# Model training 🏋
[![Open In Colab](https://colab.research.google.com/assets/colab-badge.svg)](https://colab.research.google.com/github/nasaharvest/openmapflow/blob/main/openmapflow/notebooks/train.ipynb)

Example notebook for training models.

# 1. Load project

If you don't already have one, obtain a Github Personal Access Token using the steps [here](https://docs.github.com/en/authentication/keeping-your-account-and-data-secure/creating-a-personal-access-token). Save this token somewhere private.

In [None]:
try:
    from google.colab import auth
    IN_COLAB = True
except:
    IN_COLAB = False
    
if IN_COLAB:
    github_url = input("Github HTTPS URL: ")
    email = input("Github email: ")
    username = input("Github username: ")

    !git config --global user.email $username
    !git config --global user.name $email

    from getpass import getpass
    token = getpass('Github Personal Access Token:')
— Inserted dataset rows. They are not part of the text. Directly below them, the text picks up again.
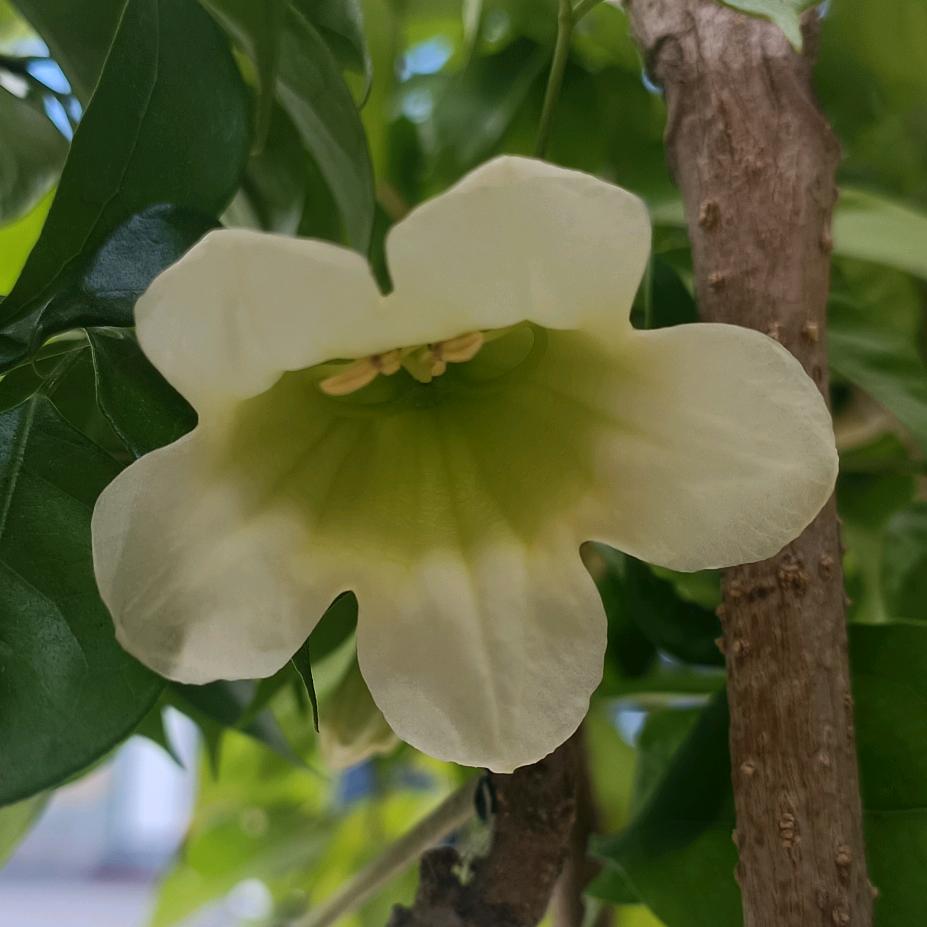 小小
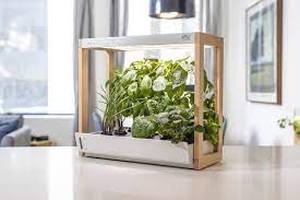 Rise Gardens Personal Garden and Starter Kit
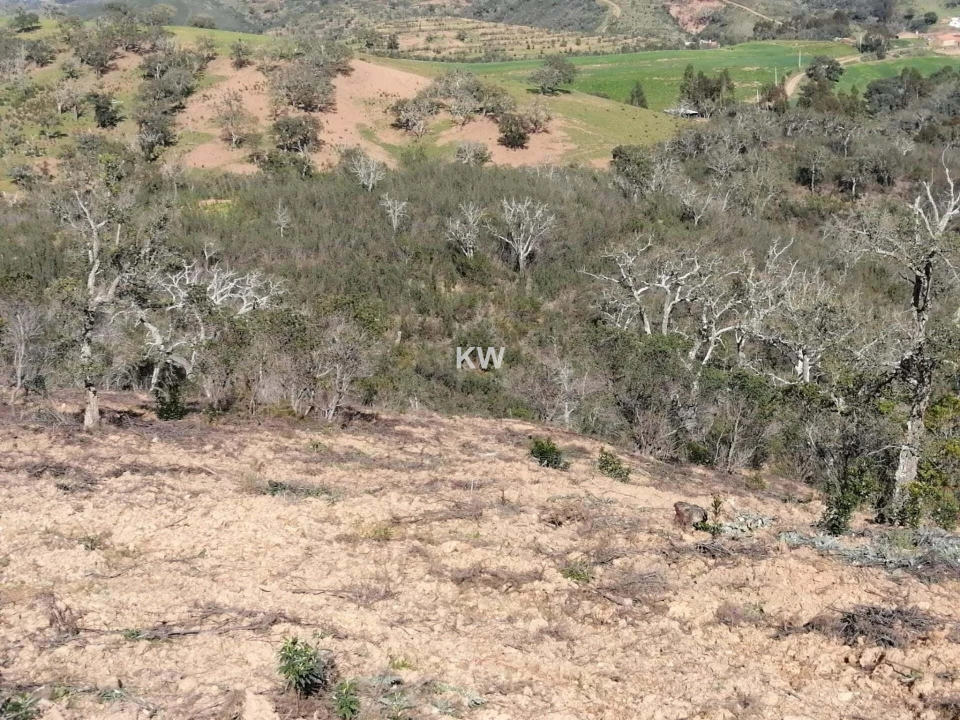 Terreno para Venda em Saboia Foto 1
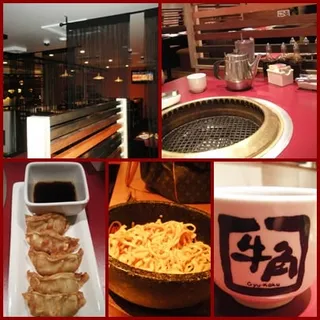 Pork Gyoza Dumplings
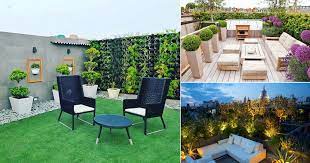 Buy Home Decor Plants In Delhi Top 10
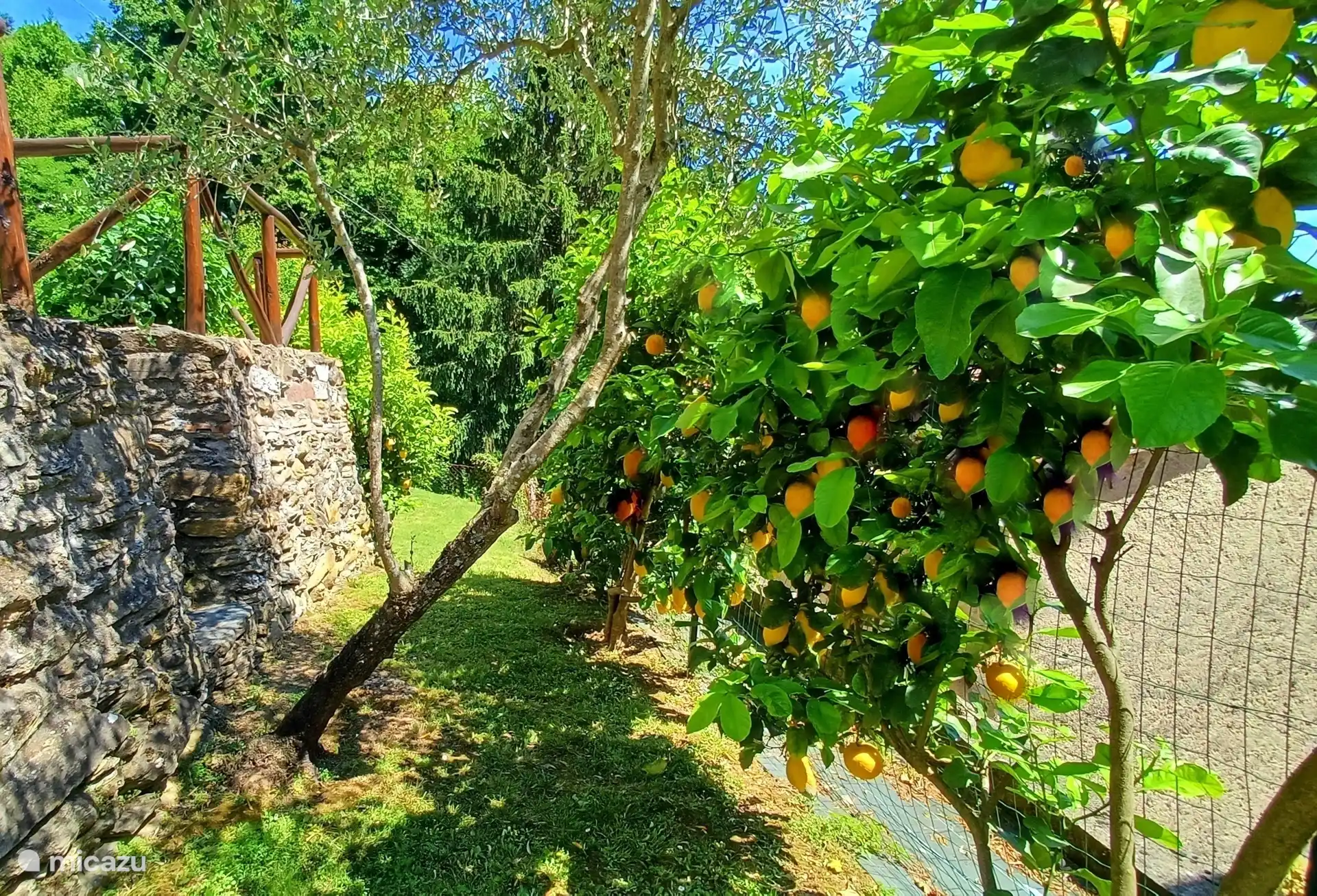 Huerto de cítricos con limones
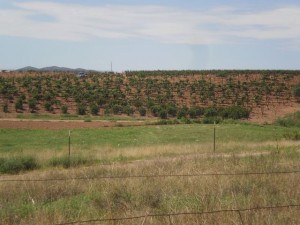 SonoitaVineyard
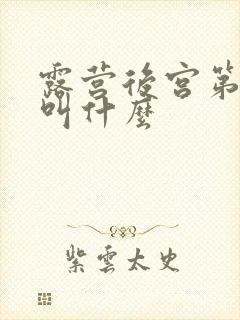 露营后宫第二部叫什么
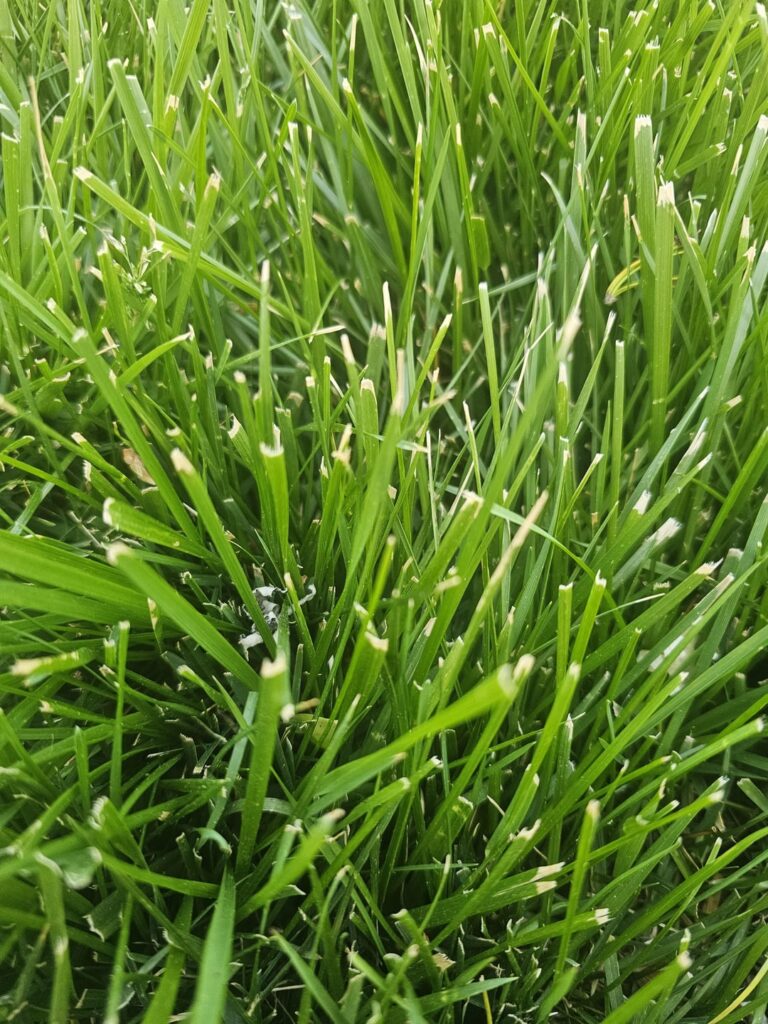 White tips on Tall Fescue?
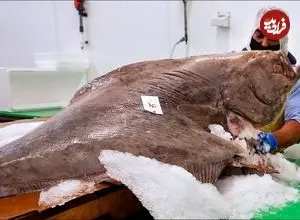 ببینید| غذای خیابانی در آمریکا؛ برش و پخت غذاهای مختلف با ماهی هالیبوت غول پیکر در فیلادلفیا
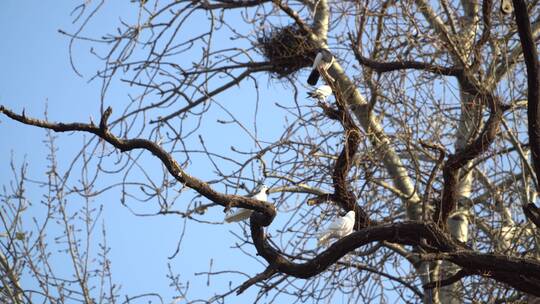 北京胡同人文景色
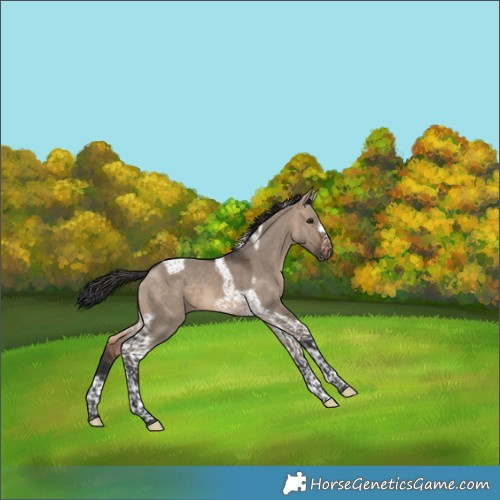 Horse Color:Brown Dun Tobiano Frame 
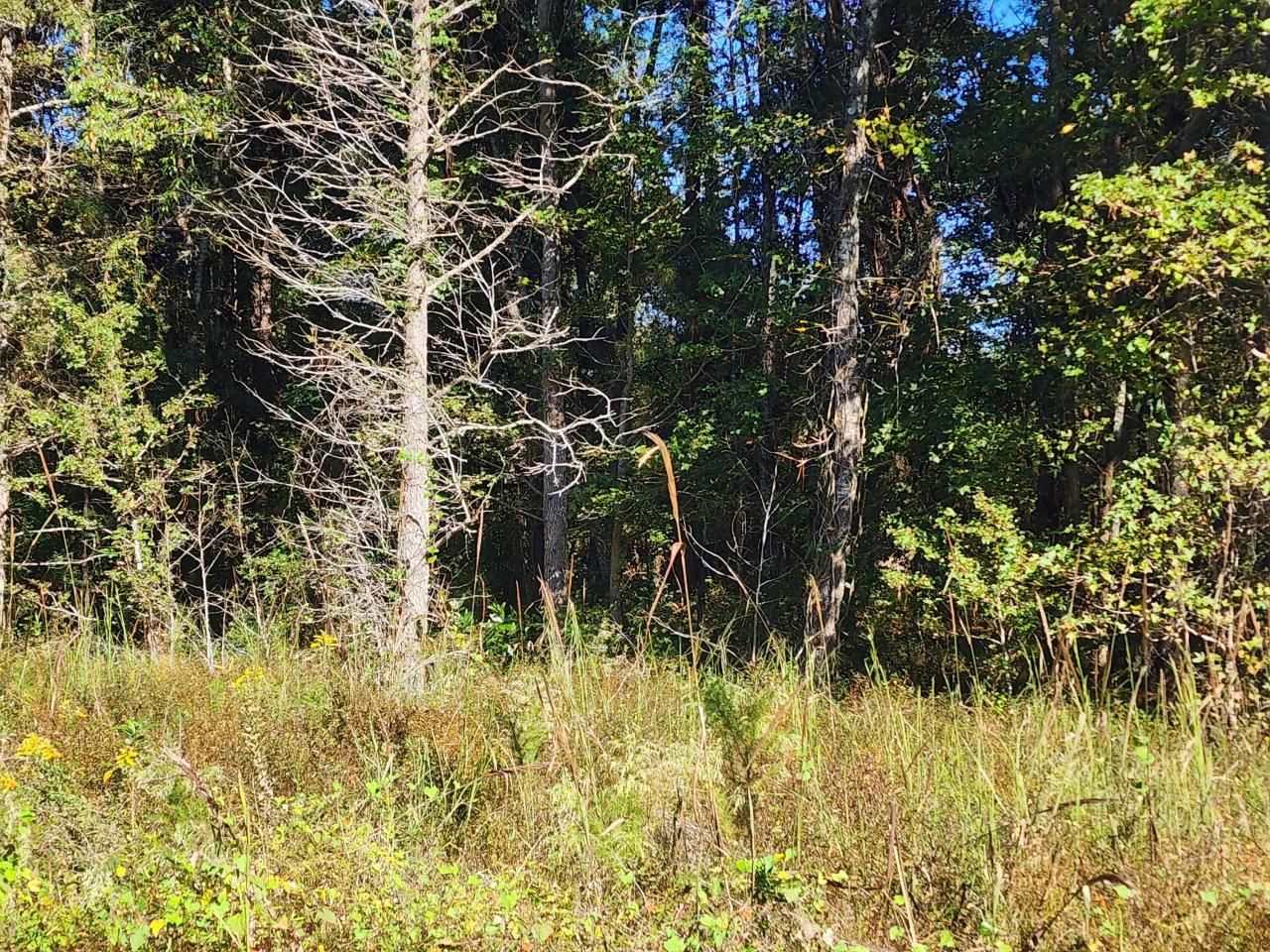 0 Ordie Road Photo 5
    !git clone {github_url.replace("https://", f"https://{username}:{token}@")}

    # Temporarily install from Github
    !pip install git+https://ivanzvonkov:$token@github.com/nasaharvest/openmapflow.git -q
    !pip install pyyaml==5.4.1 -q
else:
    print("Running notebook outside Google Colab. Assuming in local repository.")
!pip install cmocean torch wandb tsai earthengine-api google-auth -q

In [None]:
from pathlib import Path
openmapflow_yaml_path = input("Path to openmapflow.yaml: ")
%cd {Path(openmapflow_yaml_path).parent}

In [None]:
!dvc pull -q
!tar -xzf $(openmapflow datapath COMPRESSED_FEATURES) -C data

In [None]:
MODEL_NAME = input("Model name: ")

In [None]:
!python train.py --model_name $MODEL_NAME

In [None]:
!python evaluate.py --model_name $MODEL_NAME

In [None]:
!dvc commit -q && dvc push -q

In [None]:
# Push changes to github
!git checkout -b"$MODEL_NAME"
!git add .
!git commit -m "$MODEL_NAME"
!git push --set-upstream origin "$MODEL_NAME"

Create a Pull Request so the model can be merged into the main branch.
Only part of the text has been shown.